Dr. Victor Collymore

How social determinants of health influences emerging COVID-19 hot spots

May 12, 2020
By Dr. Victor Collymore and David Hom

One of the keys to mitigating the effects and stopping the spread of a devastating disease such as COVID-19 is understanding which populations are most vulnerable and at-risk from exposure. Once those populations have been identified, healthcare professionals, governments and other organizations can direct their limited resources to where they are most needed – and will be most effective.

In the case of the COVID-19 pandemic, we understood almost from the beginning that the highest-risk populations were those with one or more pre-existing conditions – especially conditions that affected the lungs, such as chronic obstructive pulmonary disease (COPD), or the heart such as heart disease and chronic heart failure (CHF). Yet there is another, almost hidden population that is also at tremendous risk: those with social determinants of health (SDOH) challenges.

Their risk factors can take many forms: using the emergency department (ED) as their only access to the healthcare system, food scarcity (including lack of access to healthy foods), housing instability, lack of reliable transportation, undiagnosed depression or other behavioral health challenges that coincide with the foundational layer of Maslow’s Hierarchy of Needs.

David Hom
It's easy to see why these immediate survival needs might override any abstract concerns over a global pandemic, which means that strategies that work for those who are not facing SDOH issues may not be as effective with those who experience these challenges. For example, it is difficult to “shelter-in-place” when you don’t have a permanent home. It is difficult to practice good hand hygiene when you don’t have easy access to soap and clean running water.

One of the outcomes of understanding how SDOH affects the way a virus such as COVID-19 spreads is the ability to identify, on a county-by-county basis, where the next potential hot spots may erupt. The analytics for this type of inquiry require two types of data.

The first is publicly available data from the Centers for Disease Control and Prevention (CDC) as well as other sources showing where COVID-19 is already present. While this data changes rapidly day-by-day, and sometimes hour-by-hour, it is effective in delivering an overall picture.

The second type of data combines information about risk factors for pre-existing conditions from proprietary databases with state-reported County Health Rankings and publicly available demographic and sociographic data.

By feeding the data into clinical analytics, and making the results available to experts who have actuarial expertise and deep experience with driving insights based on rich data assets, health plans and providers gain the means to speculate on how these combined factors may result in severe outcomes of a COVID-19 outbreak. They can then develop a heat map like this one that highlights the U.S. counties that are most prone to becoming the next hot spots.

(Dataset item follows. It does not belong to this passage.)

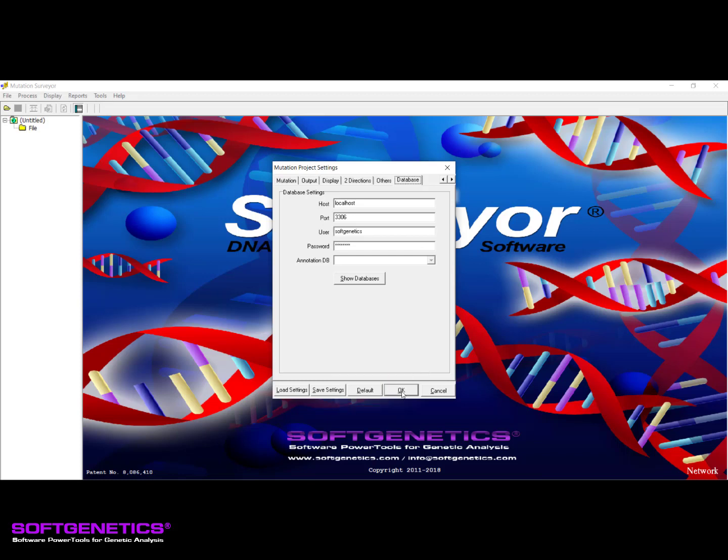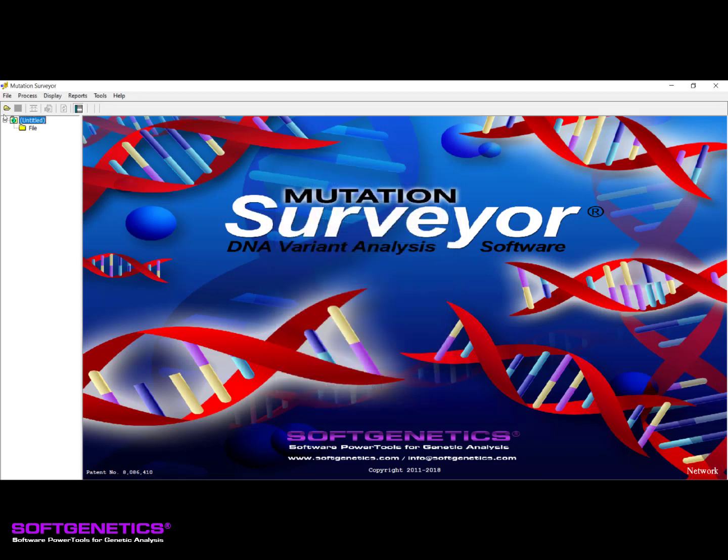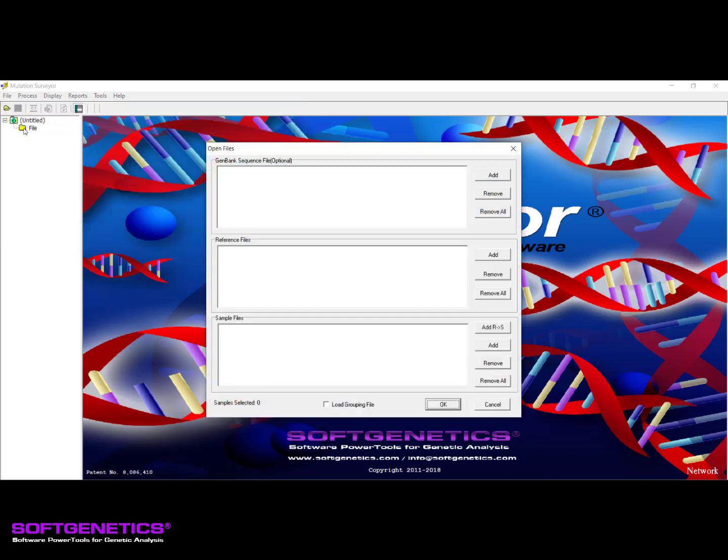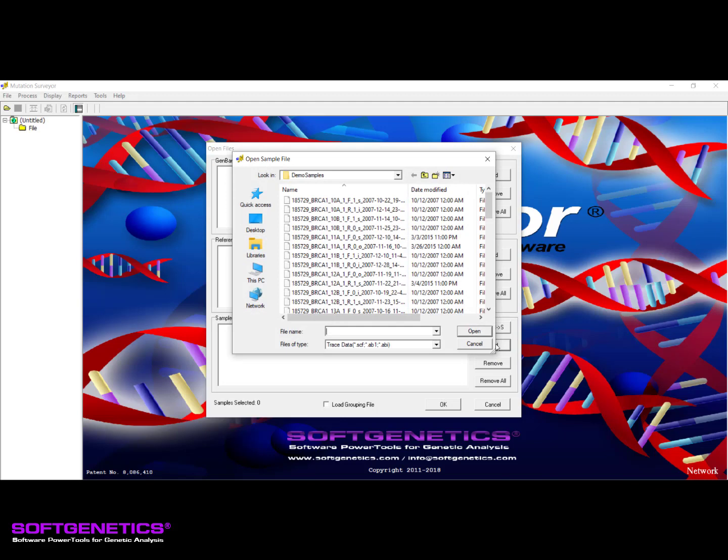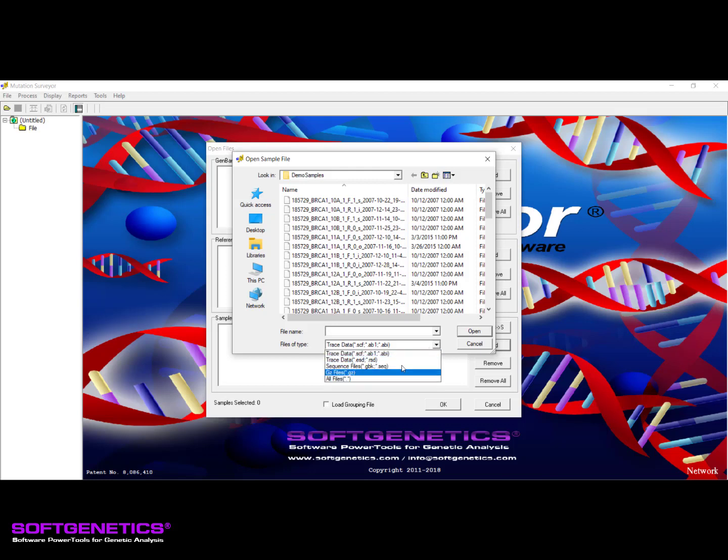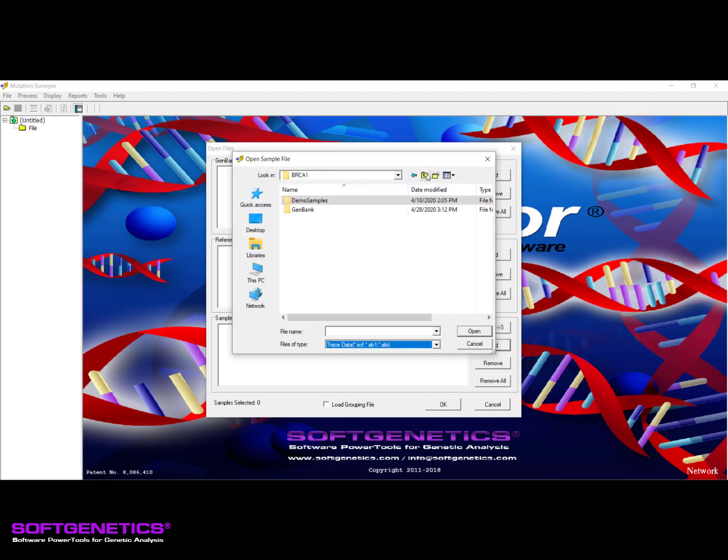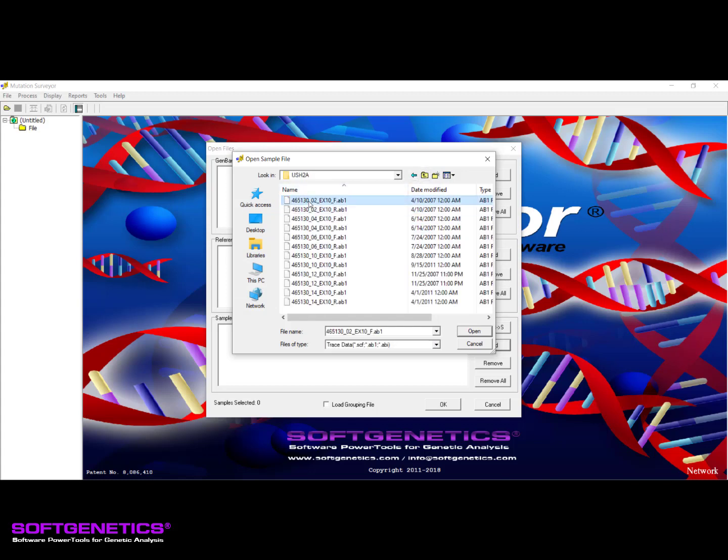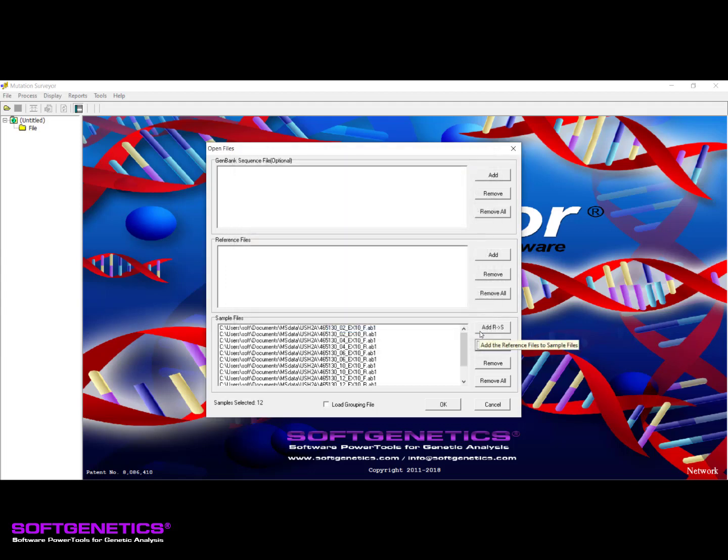Once the preferences have been set, it is time to load the data. We do this using the Open Files dialog, which can be opened by clicking the folder icon located in the top left corner or by going to File, Open Files. To load the sample files you wish to have analyzed, click the Add button to the right of the bottom Sample Files field. Mutation Surveyor supports trace files from any of the major sequencing platforms such as Applied Biosystems and Beckman. Use the default file type or use the dropdown to select the preferred type of file. Select your samples to add and click Open. Up to 2,000 sample trace files may be loaded per project depending on the Purchased License option.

With this information in-hand, health plans and providers in high-risk counties can work with community resources to prepare for a potential surge of patients in the near future. They can begin sourcing equipment and supplies, and develop multi-tiered strategies for deploying physicians, nurses, physician assistants and other clinicians needed to address increased patient loads. They will also be empowered to make better decisions that will help them manage the additional load more effectively.

With SDOH populations, however, it isn’t just about medical personnel and supplies. By understanding where the hot spots may emerge, health plans and providers can work with local resources to help mitigate social factors among high-risk populations before they hit critical mass, relieving pressure on the entire system.

The benefits go beyond the immediate crisis, however. The release of more data, such as mortality data from the CDC, will enable the data models to be further refined. Health plans and providers will be able to develop more precise personas and profiles to ensure that resources are directed where they are most needed.

The new data will also help demonstrate which levers that have already been pulled, such as closing businesses, social distancing, delivery of care in alternate settings and other options, had the greatest effect on slowing the spread. These insights will inform future decisions should a second surge take place. It may also have a significant impact on how healthcare overall is delivered (and paid for) in the future, such as increasing the use of telehealth.

Another consideration is what happens once the COVID-19 pandemic is behind us. With room to breathe, the resilient U.S. healthcare system will start focusing on its own recovery. Hopefully, more emphasis will be placed on gaining a greater understanding of how SDOH risk factors contribute to emerging clinical risk and affect health generally within the U.S.

If we can take the tough lessons we are learning about how SDOH factors affect health in the COVID-19 crucible, including studying outcomes so predictive analytics can be applied more precisely going forward, we will be able to improve how we treat patients with chronic conditions and/or SDOH issues. This will allow us to address the factors that made the current pandemic so devastating while helping us create a healthier America overall.

About the authors: Victor A. Collymore, MD, FACP is the vice president and chief medical officer at EXL Service, a multi-national company, where he oversees utilization management, coordinates disease and care management, and liaisons with pharmacy, sales and marketing, data and predictive modeling departments, and life sciences.

David Hom is the chief evangelist at EXL, and an internationally-recognized expert in the field of consumer engagement through programs such as Value Based Benefits and Employee Wellness.